Task goal: Verbatim copy without images: return all of the data as it stands.

Available data:
○ ○ ○ ○ ○

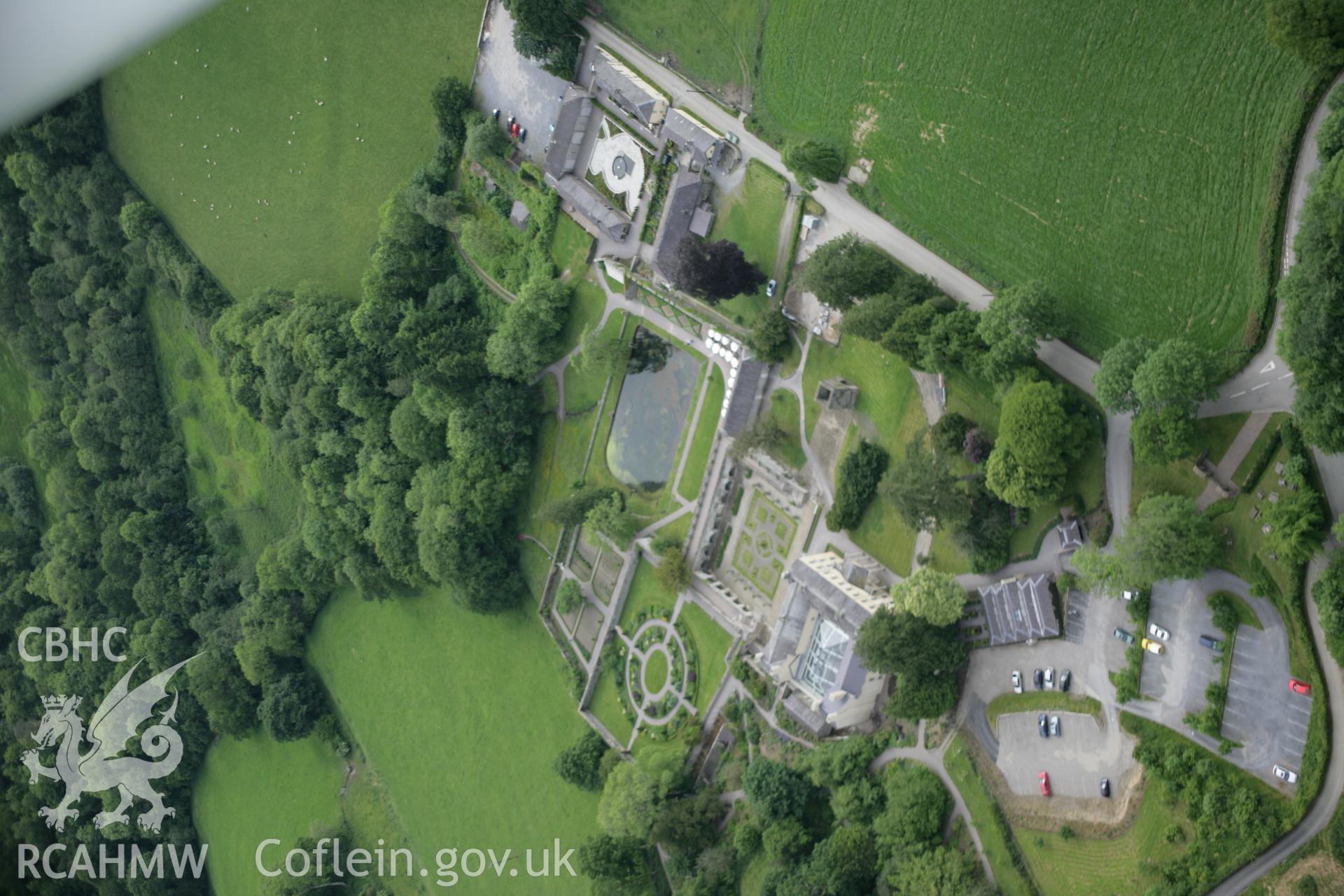 RCAHMW colour oblique aerial photograph of Aberglasney Garden, Llangathen. A general view from the east. Taken on 09 June 2005 by Toby Driver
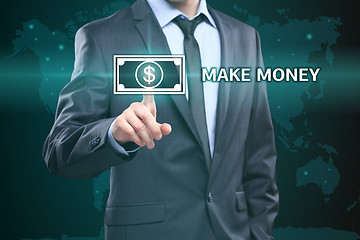 Image showing business, technology, internet concept - businessman pressing make money button on virtual screens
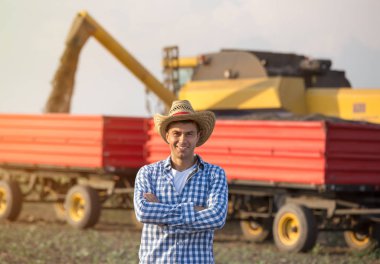 Önünde çapraz kolları olan saman konumu olan yakışıklı bir çiftçi hasat sırasında birleştirmek hasat ve römorklar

○ ○ ○ ○ ○

Answer box:
 RCAHMW colour oblique aerial photograph of Aberglasney Garden, Llangathen. A general view from the east. Taken on 09 June 2005 by Toby Driver
 Image showing business, technology, internet concept - businessman pressing make money button on virtual screens
 Önünde çapraz kolları olan saman konumu olan yakışıklı bir çiftçi hasat sırasında birleştirmek hasat ve römorklar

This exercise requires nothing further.